In the grief of his last decade women always appear more real in his possessive imagination than in the world. His first wife, Elsi, was his very own ‘Alida Valli, Harry Lime’s girlfriend […] I got her! […] Elsi’s stockings would hang to dry in my room.’ After they were married and settled in genteel Dulwich, with a son and adopted daughter, marriage quickly became ‘a problem’ however. ‘I was supposed to be E. Hemingway, the expatriate painter on edge.’ One suspects the marriage was even more of a problem for his wife. After years in which Kitaj recalls disappearing for weeks and months to Paris and New York with different girlfriends, and for ‘perfect days and nights whoring’ in Barcelona dockyards, Elsi took her own life. That fact prompts little soulsearching on Kitaj’s part; rather a digression on ‘the Woman–Man Question shrouded in its darkest Enigma’ and an unhinged discussion of the philosophy of Martin Buber (the ‘I–Thou’ is an unlikely touchstone; with Kitaj, in mid-life, the latter rarely got a look in.)

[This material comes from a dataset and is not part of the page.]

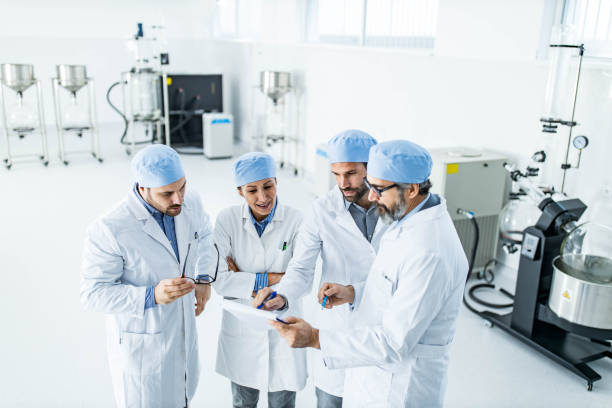 istock Team of scientists examining research data in laboratory. 1340654609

Having met and married Sandra Fisher, after a ‘frenzied chase of Jewish girls’, Kitaj bought the house in Chelsea where, he suggested, ‘Seven great life-forces would thrive: My painting, My children, My Jewish Question, My friends, My library, My humandrawing, and My Sandra.’ By his account Fisher happily indulged his ‘lifelong addiction to Whoredom [which] ran unabated’.

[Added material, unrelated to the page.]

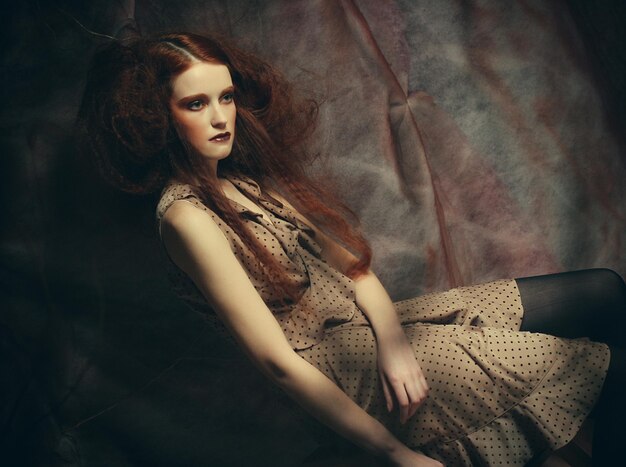 Young fashion model with creative make up sitting on a stool in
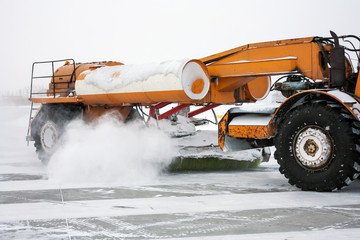 Close-up airfield sweeper on the runway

If he comes across as determinedly unsympathetic in these passages, a better argument for Kitaj’s belief in his own work is carried by the paintings in this book, than by the text. There is an irony in the fact that his always angry sense of colour and drama came most fully into its own after his critical defenestration. He was loyally defended by lifelong friends Frank Auerbach and Hockney, but since, as these Confessions make clear, he recognised little separation between his life and his work, he could hardly cry foul at being judged as an ego as well as an artist. Robert Hughes once observed that ‘Kitaj can draw better than any man alive’; the pastel and charcoal sketches reproduced here go some way to supporting that claim (even if the Hughes quote itself is repeated to the point of desperation).
Some may hear echoes in Kitaj’s writing of Mickey Sabbath, the demonic hero of Philip Roth’s wild and whirling novel, Sabbath’s Theater. The shared cadences are not accidental; during the days and nights when Kitaj felt his late wife’s death most sharply in LA he was in the habit of calling his friend Roth and pouring out his heart.

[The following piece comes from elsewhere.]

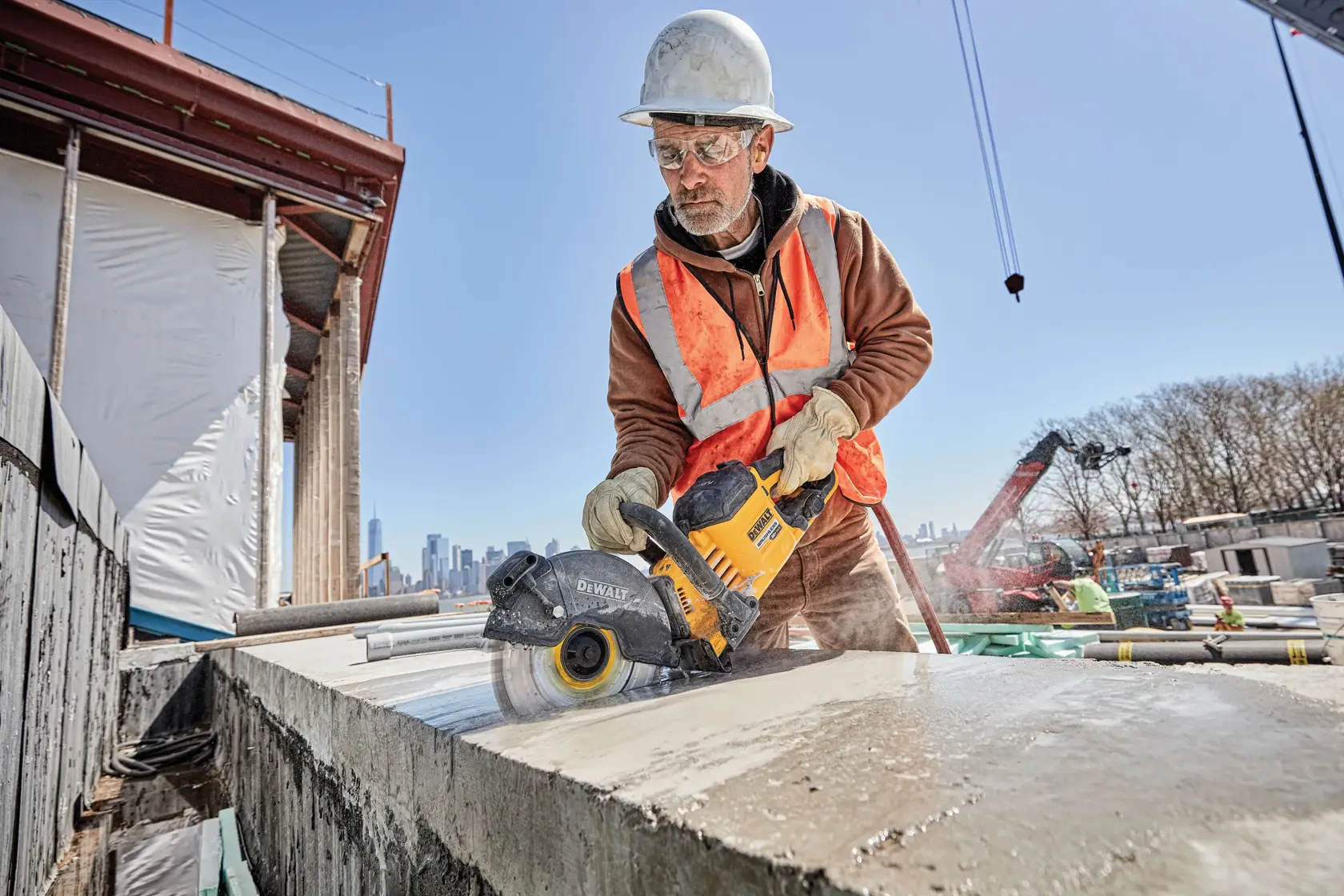 Un trabajador de la construcción con casco de seguridad y chaleco reflectante naranja utiliza una herramienta eléctrica DEWALT para cortar una losa de concreto en un sitio de construcción. La cara del trabajador está desenfocada y se ve polvo en el proceso de corte. De fondo se aprecian vigas estructurales, equipos y otros trabajadores.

As with Sabbath there was a little salvation in his fall from grace. Some of Kitaj’s most dramatic and affecting painting depicted the life with Fisher that he had lost, and the ways in which she still haunted him. ‘Sandra appears in […] my septuagenarian dreams. I am alone – with her,’ he wrote. ‘I could make love to my angel with my paintbrush, fondle her again, caress her contours.’ There is a sort of triumph in this, for Kitaj. For the reader who has stuck with him this far there will no doubt be a desire to go back and look again at the work. ‘Posterity excites me to THE END,’ Kitaj wrote. His book is a gift to that stubborn impulse.
R. B. Kitaj: Confessions of an Old Jewish Painter (Eckhart J. Gillen, ed.) is published by Schirmer/Mosel (€39.80).